My brother is a self-employed small-town lawyer. He seems to have plenty of time for his family, and make the mortgage too. I think I like his solution.
I have a friend who graduated from Columbia and worked for several years at one of the big firms in NY. As is typical, he worked 100+ hours a week, with hardly a day off or a vacation. For him the final straw was on a rare morning when he was home with the family, his 6-year-old daughter gave him a hug and said “thanks for visiting, daddy!”
He quit his job and instead got a job as a corporate lawyer in Austin. He says he now works 40-50 hours a week, and due to the much lower cost of living in Austin, even with the pay cut he had to take he actually had a higher standard of living than he had living in NY.
Happens in IT consulting firms, too. Been there, done that. Got numerous coffee mugs.
And this is why I now work in-house.

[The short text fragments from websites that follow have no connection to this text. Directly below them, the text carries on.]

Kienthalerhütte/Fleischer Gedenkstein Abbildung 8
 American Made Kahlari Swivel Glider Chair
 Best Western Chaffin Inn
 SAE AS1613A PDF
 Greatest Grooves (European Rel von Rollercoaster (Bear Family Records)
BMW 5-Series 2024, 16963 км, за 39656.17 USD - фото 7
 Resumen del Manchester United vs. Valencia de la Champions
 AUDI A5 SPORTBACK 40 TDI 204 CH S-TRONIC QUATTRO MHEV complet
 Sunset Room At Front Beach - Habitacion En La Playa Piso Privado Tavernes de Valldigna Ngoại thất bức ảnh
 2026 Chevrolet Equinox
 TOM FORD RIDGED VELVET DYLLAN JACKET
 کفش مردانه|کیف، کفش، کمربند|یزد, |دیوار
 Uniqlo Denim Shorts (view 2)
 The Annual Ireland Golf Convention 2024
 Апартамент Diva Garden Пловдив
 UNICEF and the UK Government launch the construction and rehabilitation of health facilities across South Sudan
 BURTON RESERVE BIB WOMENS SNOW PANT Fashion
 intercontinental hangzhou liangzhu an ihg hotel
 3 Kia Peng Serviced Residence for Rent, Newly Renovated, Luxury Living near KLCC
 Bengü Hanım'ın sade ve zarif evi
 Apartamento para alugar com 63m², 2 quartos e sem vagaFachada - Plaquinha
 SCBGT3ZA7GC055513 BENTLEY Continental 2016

The hours and the expectations are much more reasonable and working on a weekend is a rare event. When it does happen, I receive much praise from my coworkers and bosses (as opposed to private practice, where working on a weekend was just what was expected).
Downsides are of course, pay (I figure I make somewhere around 75% what people in private practice doing similar work and with a similar number of years of experience make) and a slight loss of control. I’ll never “make partner” and there’s more paperwork and bureaucracy involved if I want to take a vacation or I need time off to go to the doctor. However, when I go out for dinner with friends in private practice and after dinner they go back to the office and I go home, those don’t seem like huge sacrifices at all.
It’s the same situation with architects; from the moment you start architecture school (at least in the UK) you’re expected to be seen working at 10pm and bonding with your colleagues over how many all-nighters you pull. Cult-like working practices are seen as a direct measure of ability; if two people produce equally good work, the one who works less than 60 hours a week will be considered a worse designer.
It’s totally stupid, but lots of “professional” fields are like this, because it’s the simplest way for competitive people to distinguish themselves. Employers shouldn’t let it happen because it’s unsustainable, and workers shouldn’t let it happen because it’s exploitative; but we’ve forgotten about the concept of labor rights, and your employer doesn’t give a shit if you burn out (or commit suicide) when they don’t expect you to be there for more than a couple of years anyway.
Why I dropped out of law school, got an internship at the start of the second year and saw how the sausage was made.
The employers don’t care, there is just another one outside they door they can hire after you burn out or die.
I just hope he’s the progressive, family-friendly To Kill a Mockingbird version of Atticus Finch rather than the segregation-supporting version from Go Set A Watchman.
Studies have shown that productivity actually decreases past a number of hours worked. All I can figure is that its popularity is due to it being a dumb, easy metric for people who can’t grasp the concept of properly doing more than one thing in their life.
Everybody in BigLaw is well aware that productivity reaches a point of diminishing returns.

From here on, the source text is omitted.